Globalne ocieplenie i zanieczyszczenie środowiska to ogromny problem obecnych czasów. Najbardziej problem ten dotyka zwierząt. Zmiany klimatyczne dość mocno odbiły się na płaszczkach żyjących w okolicach Malediwów.
Populacja tych wodnych zwierząt sięga ok. 5000 osobników. Choć są chronione, ich liczba wciąż spada. Beth Faulkner z Maldivian Manta Ray Project wraz z grupą ekspertów postanowiła poszukać sposobu na to, by pomóc coraz to smutniejszym płaszczom.
Faulkner zwierzęta te obserwuje od 15 lat. W tym czasie brzegi Malediwów drastycznie się zmieniły. Umierają przede wszystkim koralowce. Zmiany te wpłynęły na płaszczki, które coraz mniej się rozmnażają i zaczęły być coraz bardziej aspołeczne.
Okazało się, że humor poprawia im kontakt z człowiekiem. Beth w rozmowie z CNN przyznała, że płaszczki pływające z człowiekiem zaczynają "wracać do życia".
Oczywiście mowa tu o specjalistach, którzy wiedzą, jak poprowadzić taką "wycieczkę". Ponadto eksperci używają specjalnych systemów ultradźwiękowych.

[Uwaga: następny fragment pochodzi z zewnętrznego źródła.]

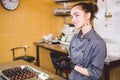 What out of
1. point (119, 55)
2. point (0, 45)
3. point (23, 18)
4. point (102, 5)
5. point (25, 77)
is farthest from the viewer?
point (23, 18)

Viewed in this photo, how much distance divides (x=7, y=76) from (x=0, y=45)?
2.14m

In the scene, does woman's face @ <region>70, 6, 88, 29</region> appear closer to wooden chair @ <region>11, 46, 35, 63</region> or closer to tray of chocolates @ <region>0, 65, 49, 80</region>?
tray of chocolates @ <region>0, 65, 49, 80</region>

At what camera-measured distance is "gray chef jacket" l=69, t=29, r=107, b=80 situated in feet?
4.86

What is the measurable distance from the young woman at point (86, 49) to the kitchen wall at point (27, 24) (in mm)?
2420

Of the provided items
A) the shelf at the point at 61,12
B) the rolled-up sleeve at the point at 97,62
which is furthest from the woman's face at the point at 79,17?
the shelf at the point at 61,12

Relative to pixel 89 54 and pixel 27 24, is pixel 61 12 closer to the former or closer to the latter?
pixel 27 24

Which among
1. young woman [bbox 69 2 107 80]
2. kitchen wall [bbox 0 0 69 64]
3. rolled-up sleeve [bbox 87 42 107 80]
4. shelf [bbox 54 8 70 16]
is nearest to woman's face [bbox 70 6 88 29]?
young woman [bbox 69 2 107 80]

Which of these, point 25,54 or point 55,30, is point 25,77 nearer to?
point 25,54

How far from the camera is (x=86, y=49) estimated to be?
1.58 m

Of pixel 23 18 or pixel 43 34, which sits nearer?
pixel 23 18

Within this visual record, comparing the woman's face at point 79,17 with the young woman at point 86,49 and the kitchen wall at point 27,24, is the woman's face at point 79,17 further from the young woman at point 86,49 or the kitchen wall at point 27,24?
the kitchen wall at point 27,24

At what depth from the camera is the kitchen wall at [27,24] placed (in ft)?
12.4

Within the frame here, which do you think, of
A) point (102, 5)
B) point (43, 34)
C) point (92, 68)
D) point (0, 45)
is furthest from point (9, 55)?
point (92, 68)

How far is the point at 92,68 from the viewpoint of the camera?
1.49m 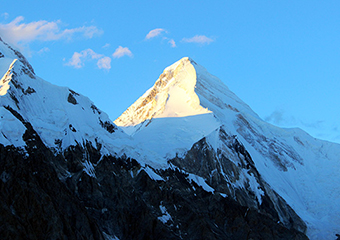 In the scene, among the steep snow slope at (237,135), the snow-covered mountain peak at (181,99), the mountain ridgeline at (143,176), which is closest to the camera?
the mountain ridgeline at (143,176)

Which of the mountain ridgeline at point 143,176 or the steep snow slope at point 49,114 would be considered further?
the steep snow slope at point 49,114

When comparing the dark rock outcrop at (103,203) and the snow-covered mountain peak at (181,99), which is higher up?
the snow-covered mountain peak at (181,99)

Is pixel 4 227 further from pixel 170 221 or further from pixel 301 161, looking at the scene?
pixel 301 161

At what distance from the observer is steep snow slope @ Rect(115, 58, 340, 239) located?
419 feet

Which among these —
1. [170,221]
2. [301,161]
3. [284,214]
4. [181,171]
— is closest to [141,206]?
[170,221]

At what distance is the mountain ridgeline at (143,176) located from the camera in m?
79.6

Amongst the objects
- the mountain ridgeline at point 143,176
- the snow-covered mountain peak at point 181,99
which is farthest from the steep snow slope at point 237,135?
the mountain ridgeline at point 143,176

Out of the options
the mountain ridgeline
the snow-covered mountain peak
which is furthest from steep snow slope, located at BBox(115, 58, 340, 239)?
the mountain ridgeline

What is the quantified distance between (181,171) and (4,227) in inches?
1940

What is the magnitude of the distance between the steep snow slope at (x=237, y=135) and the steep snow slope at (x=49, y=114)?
33.8 ft

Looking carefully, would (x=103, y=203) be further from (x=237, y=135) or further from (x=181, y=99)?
(x=237, y=135)

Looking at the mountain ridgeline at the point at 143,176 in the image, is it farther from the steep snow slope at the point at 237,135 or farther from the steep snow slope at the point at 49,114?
the steep snow slope at the point at 237,135

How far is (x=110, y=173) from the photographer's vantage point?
97.6m

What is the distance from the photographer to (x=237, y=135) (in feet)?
497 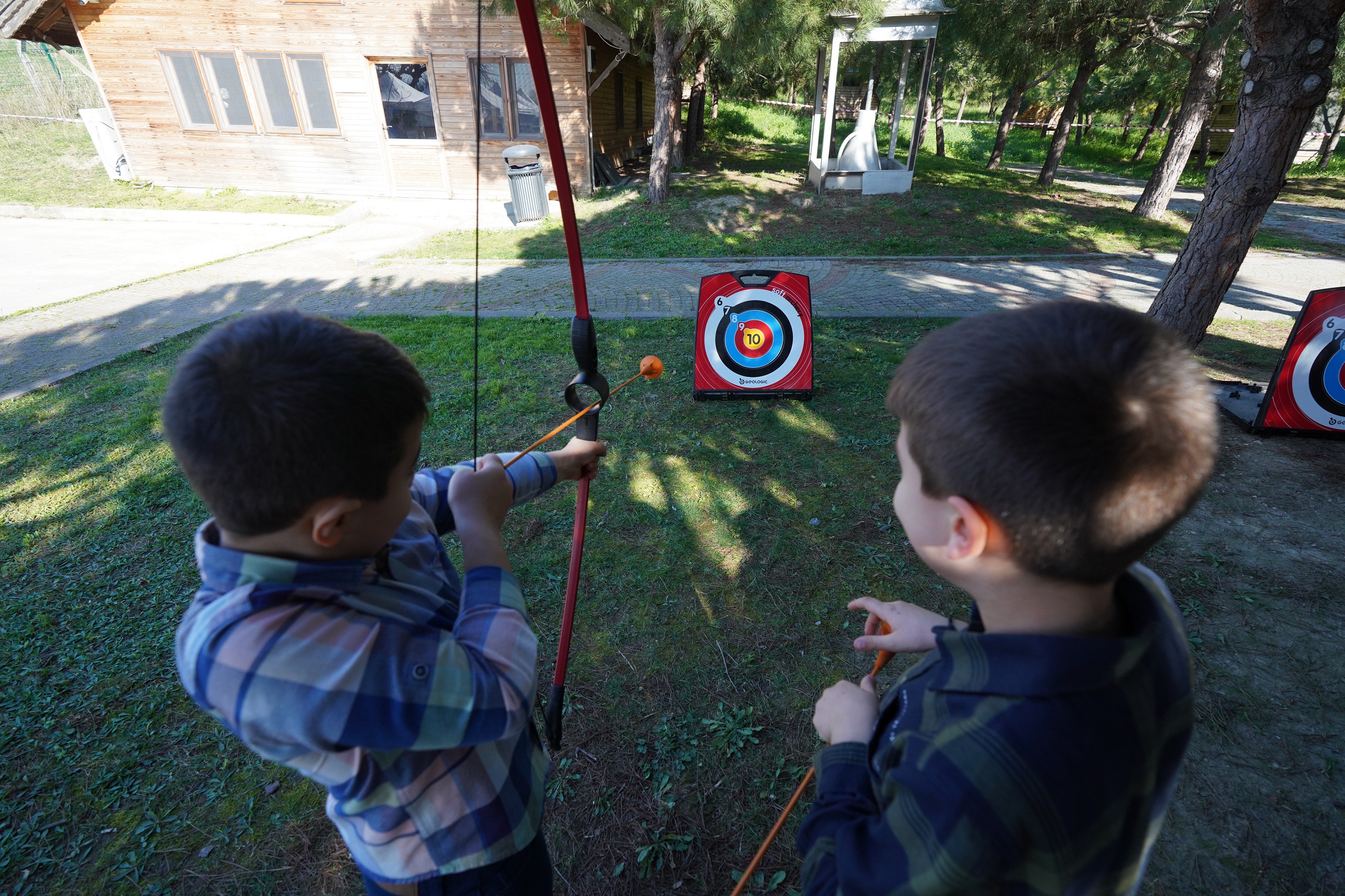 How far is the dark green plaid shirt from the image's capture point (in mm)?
636

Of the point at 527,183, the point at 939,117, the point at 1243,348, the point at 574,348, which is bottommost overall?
the point at 1243,348

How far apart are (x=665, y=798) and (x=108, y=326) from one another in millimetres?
6607

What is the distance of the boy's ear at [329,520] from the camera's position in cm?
74

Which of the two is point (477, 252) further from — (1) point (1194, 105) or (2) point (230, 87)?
(2) point (230, 87)

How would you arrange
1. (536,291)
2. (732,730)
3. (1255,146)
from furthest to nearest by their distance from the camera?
(536,291) < (1255,146) < (732,730)

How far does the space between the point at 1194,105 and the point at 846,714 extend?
35.6 ft

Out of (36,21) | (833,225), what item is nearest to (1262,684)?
(833,225)

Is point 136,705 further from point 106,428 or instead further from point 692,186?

Dzięki temu zwierzęta mają wrażenie, że są w większym stadzie i chętniej się ze sobą rozmnażają.
Takie wyniki badań są bardzo pocieszające. Dają nadzieję, na to, że odpowiednim podejściem i kontaktem nawet z oceanicznym zwierzęciem, człowiek jest w stanie pomóc utrzymać gatunek przy życiu, co niestety udaje się coraz rzadziej.